Friday, November 7, 2008

Economists and Anarchists Can Find Common Ground

I love that economists argue that voting is irrational, because it's statistically very unlikely that your individual vote will make any difference at all. They're right! I also love that some of my anarchist friends don't vote because on a historical level, US domestic and foreign policy doesn't change all that much, and for anything resembling a better world to emerge, we must fundamentally alter what we have now. They're right too!

Here's Tyler Cowen, over at the wonderful (if confusing, b/c I'm stupid) Marginal Revolution. He doesn't take the traditional economist position.

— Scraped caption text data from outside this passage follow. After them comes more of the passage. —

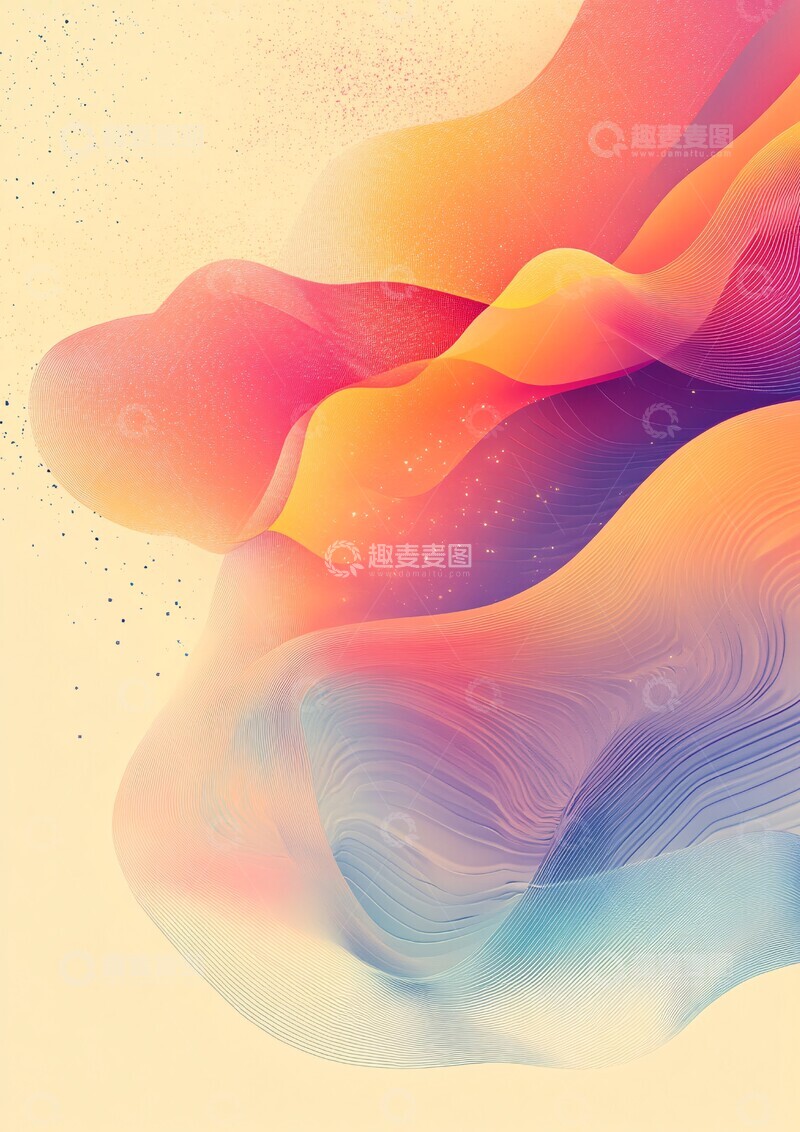 高清大图下载【趣麦麦图】几何波浪渐变背景2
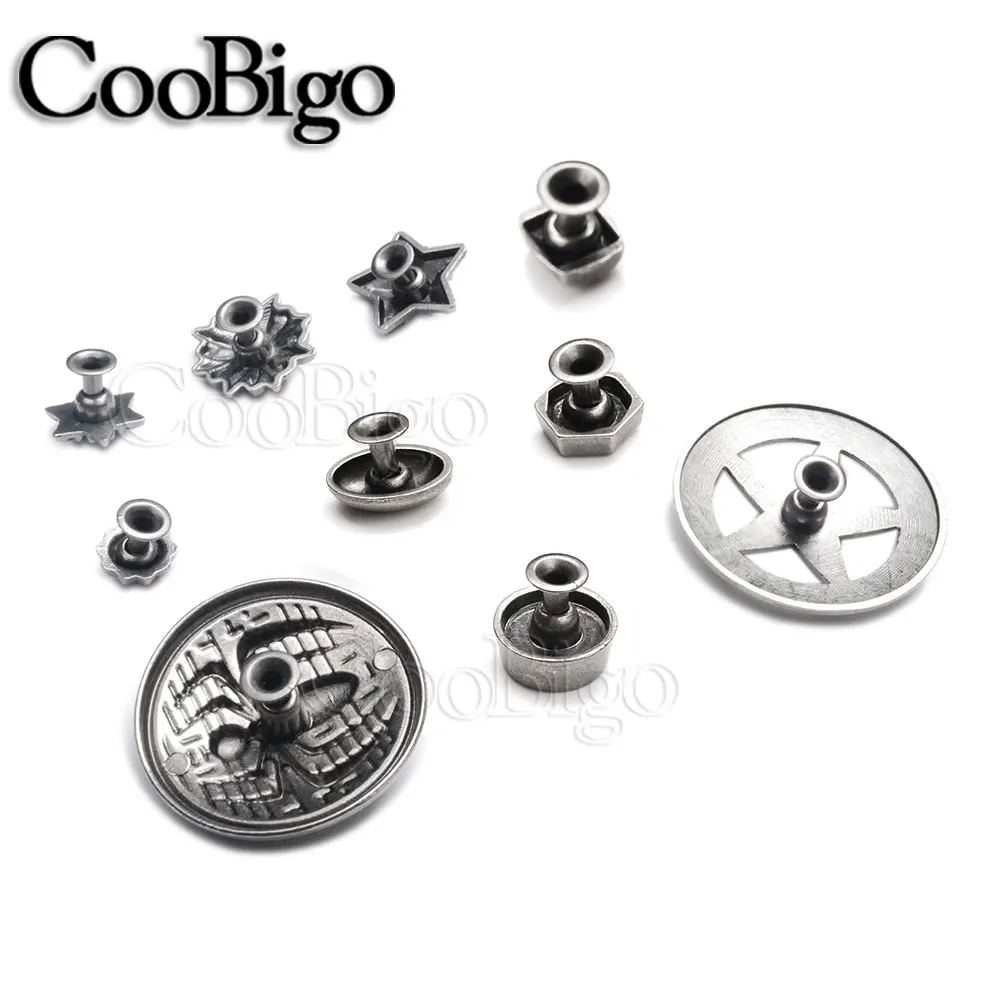 10 Sets Metal Spike Studs Rivets Vintage Riveting Button for Clothing Pants Pets Collar DIY Leather Craft craft supplies jewelry making supplies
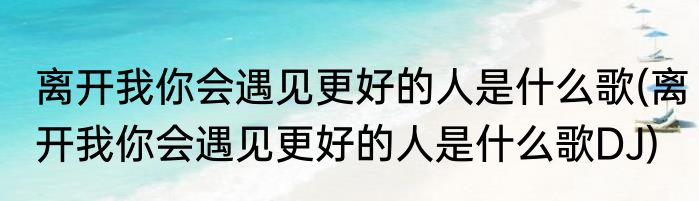 离开我你会遇见更好的人是什么歌(离开我你会遇见更好的人是什么歌DJ)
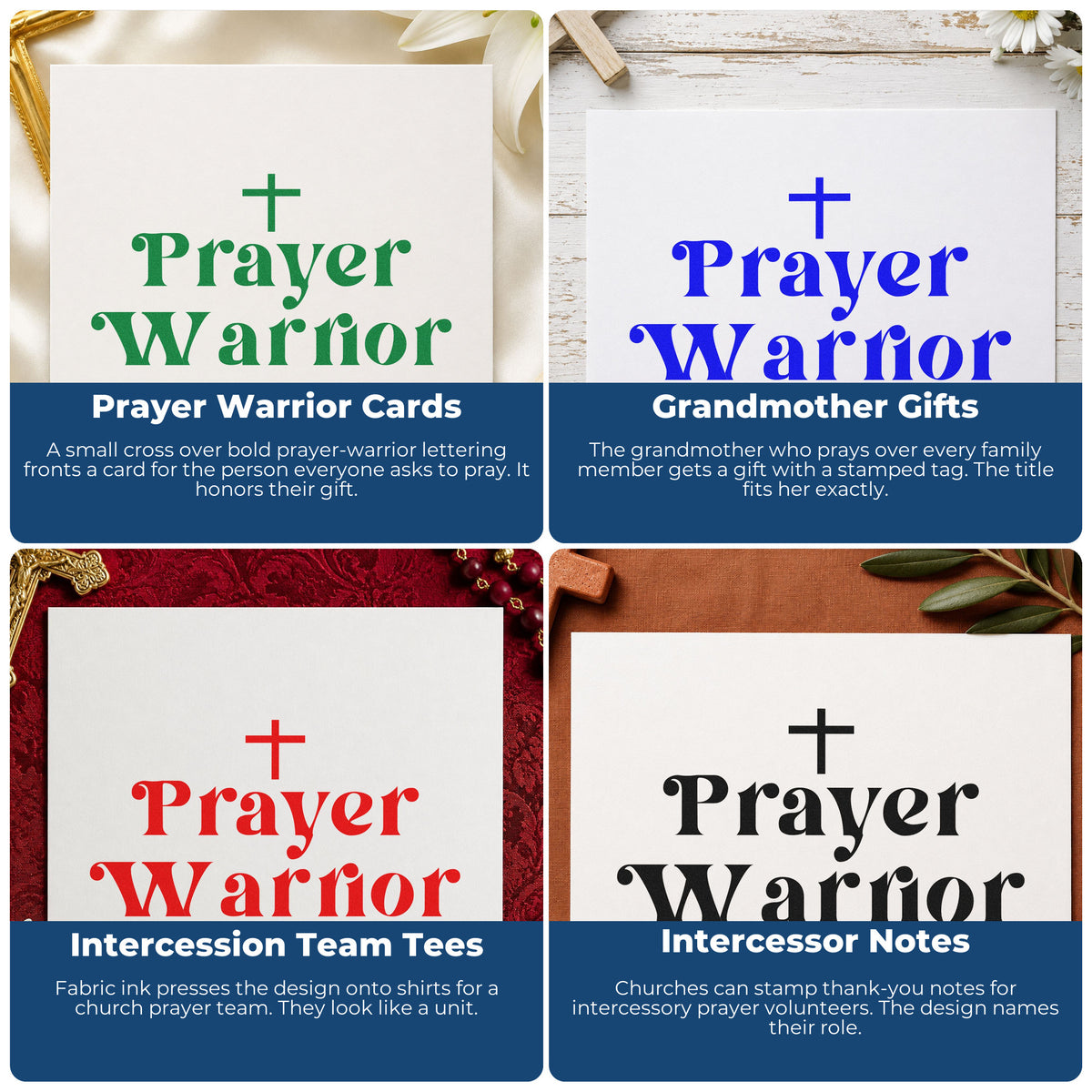 Four ways to use the Prayer Warrior Premium Wood-Mounted Stamp - Vintage Pro: prayer warrior cards, grandmother gifts, intercession team tees and intercessor notes.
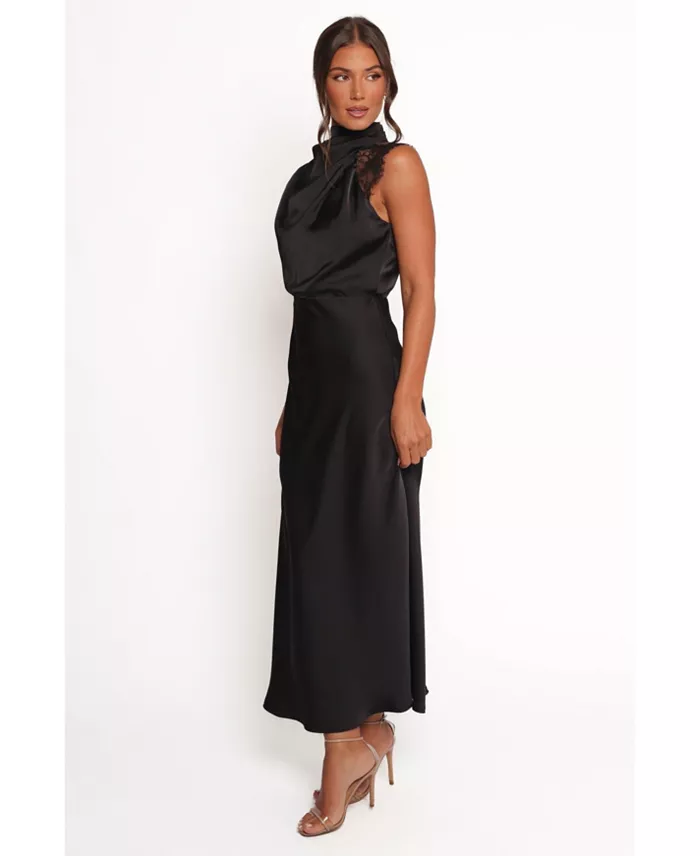 Alfani Petal And Pup Women's Anabelle Halter Neck Lace Maxi Dress Women's Fashion Shoes & Accessories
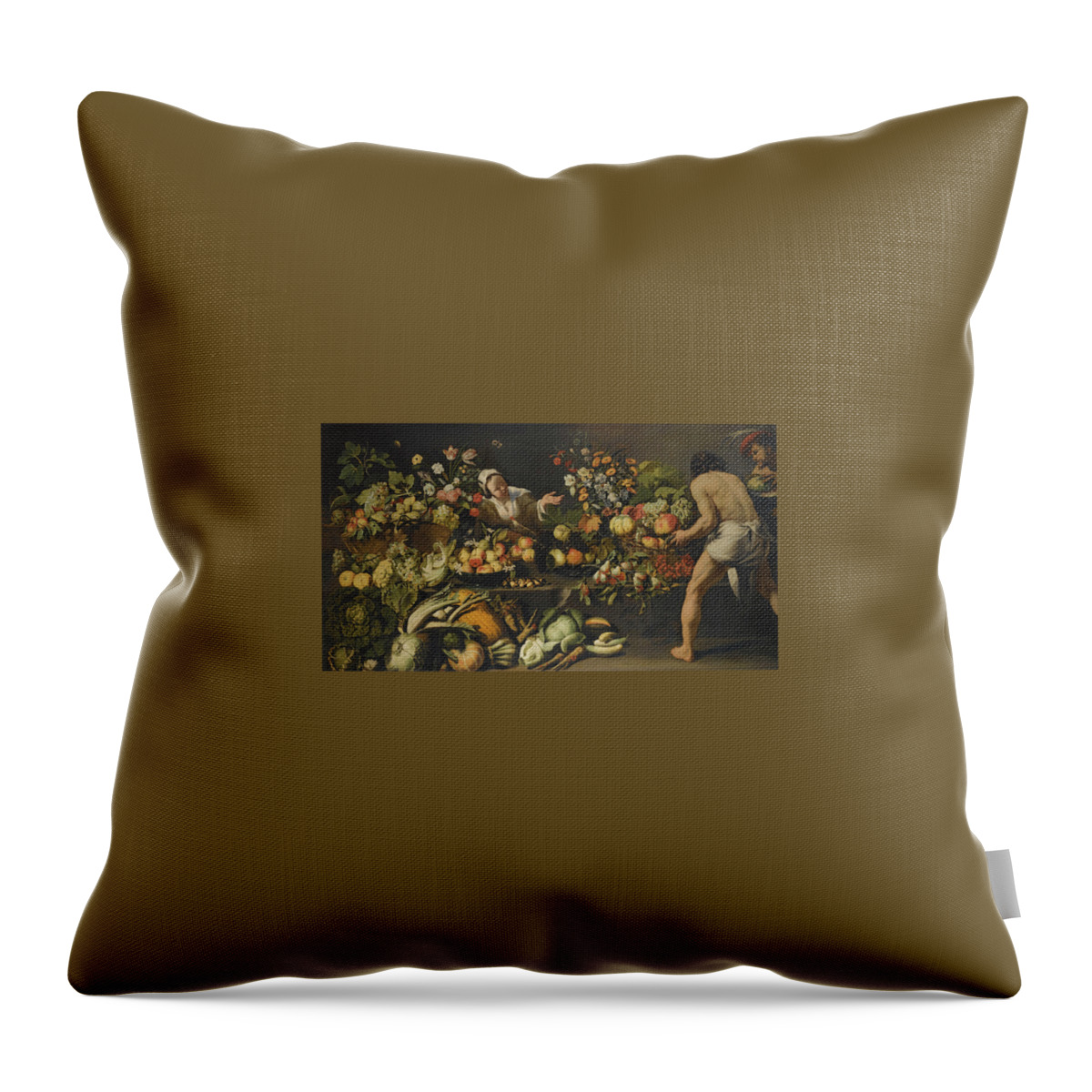 Italo - Flemish School Throw Pillow featuring the painting Vegetables And Flowers Arranged by MotionAge Designs
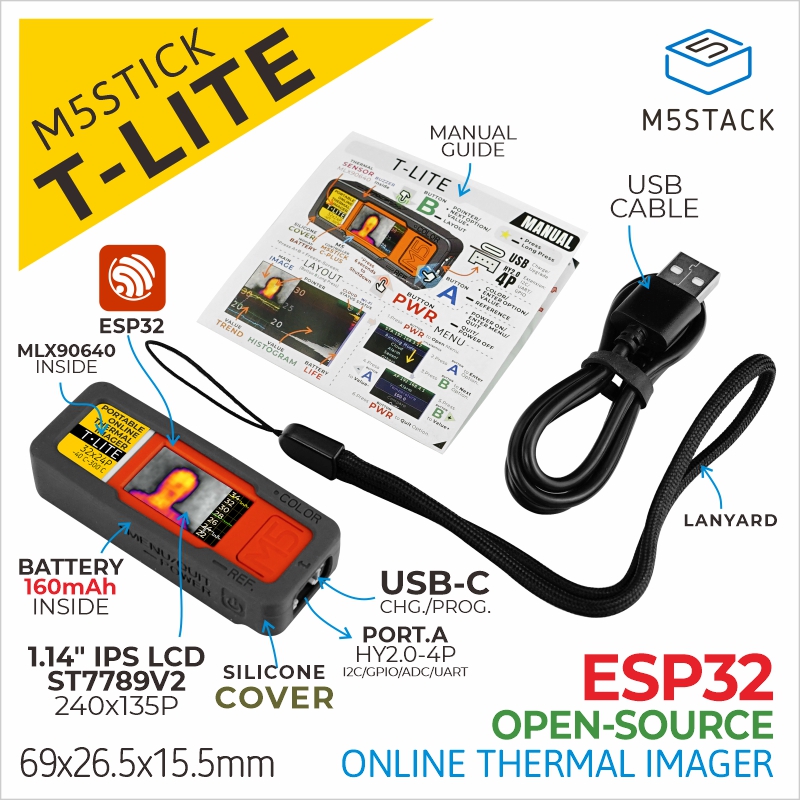 M5Stack Core2 - M5Stack Resmi M5stick T-Lite Termal Kamera
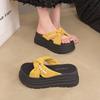 Pearl cross cool slippers women's summer wear popular new round head with skirt thick-soled beach slippers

Most of what you do is for expressive value anyway, so you shouldn't feel guilty about voting, if indeed you vote. The people who think they are being instrumentally rational by not voting are probably deceiving themselves more. They are actually engaged in an even less transparent form of expressive behavior (protest against the voting system) and yet cloaking that behavior under the guise of instrumental rationality. The best arguments against voting are simply if you either don't like voting or if you don't know which candidate is better. High-status people hardly ever offer the latter justification, even though the split of opinions among high-status people suggests that not all high-status people can in fact know which candidate is better.

In other words, both voting and not voting are motivated by the thought that you are better than other people. I am glad that we have an entire day devoted to this very important concept.